With our server update 10 days ago (3rd November) we moved the last piece of the FAF production server to Kubernetes. Despite having hiccups on the migration, these were actually not relevant to the migration. From now on, we do not run anything on our faf-stack anymore.
Looking back into experimental repositories, the first Kubernetes related commit appeared on the 1st December 2021 (and work actually started before that). That makes 3 years! 3 astonishing years of exploring, failing and succeeding. And while we were exploring options, the k8s world came up with other solutions too and we had to re-evaluate a lot.
Time to reconsider what is in for us (admins), for developers and of course for you (the players).
The admin benefits
No more logging in to the server to run updates.
Application state synchronized with git using ArgoCD
Zero-Downtime updates (except for core components such as databases)
Auto-updating capabilities on the git repository
Developer benefits
For maintainers: New releases are automatically picked up as pull request for the gitops-stack
Lookup exact app configuration in git and change app configuration via pull request
Player benefits
Less downtimes when deploying certain parts of the infrastructure.
Less work for the admins means more time for them to focus on other issues 🙂
Downside and dark spots
Well unfortunately the change brought some downsides that we will need to improve on in the future:
Higher entry barrier for developers compared to faf-stack. All documentation points to "just run a few services in Docker", but this is no longer maintained. We are working on alternative solutions with other tools (tilt.dev).
The faf-stack was "simple enough" to launch at least some parts of it (website, api) inside our CI pipeline and run some basic test cases like "Does registration work?". These tests could not be reproduced so far. But it's basically the same problem as for the devs.

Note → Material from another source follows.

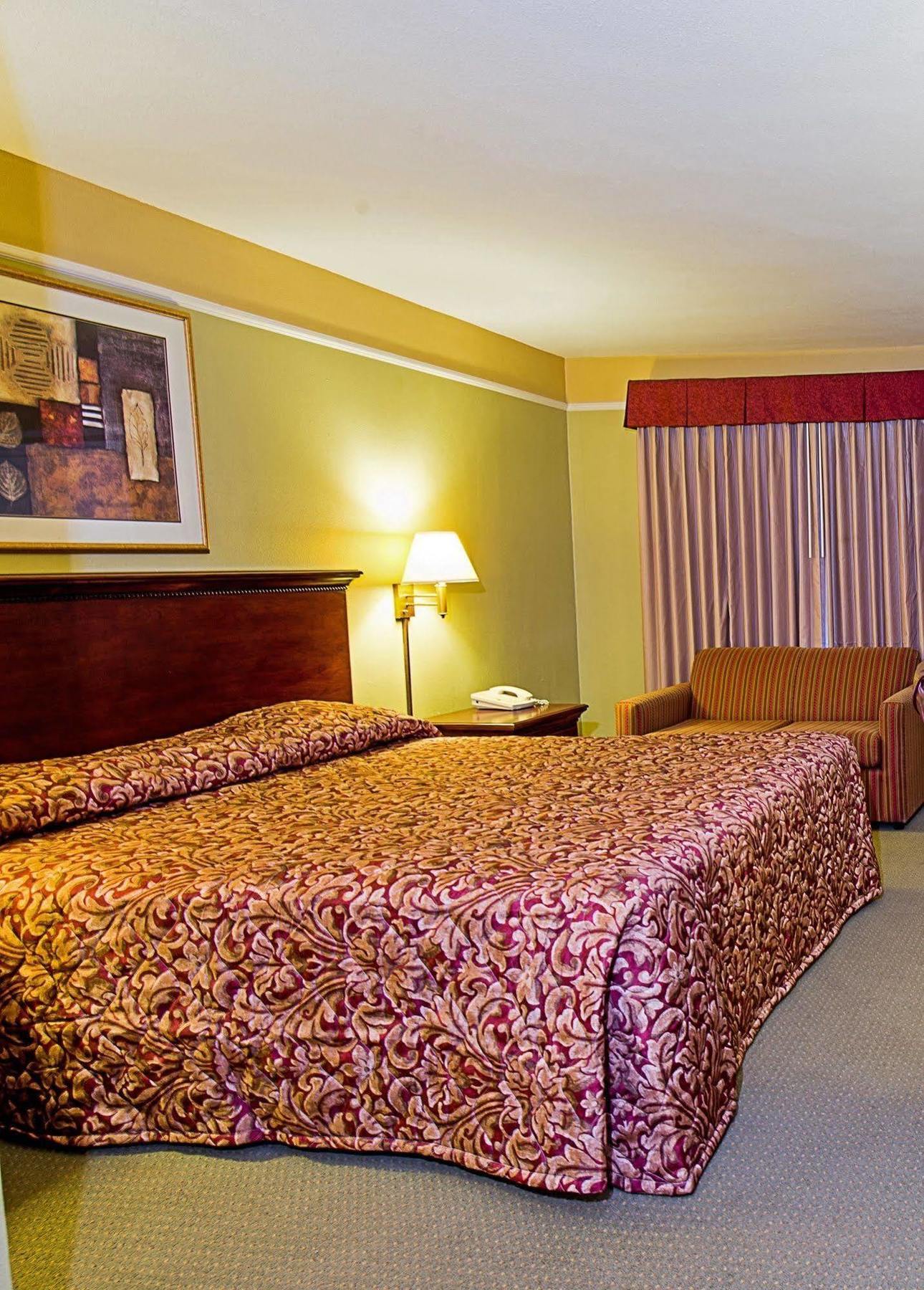 Econo Hotel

Shortcuts taken: In order to get it finished faster, we commited ourselves to a single-cluster setup storing all data once again directly mounted on the host. We did the same setup on docker and it just works good. However it removes some flexibility. Yet, there is no urgent need to change this.
In the end we can say, our journey has not ended. But the biggest milestone lies behind us and a bright future in front of us 😄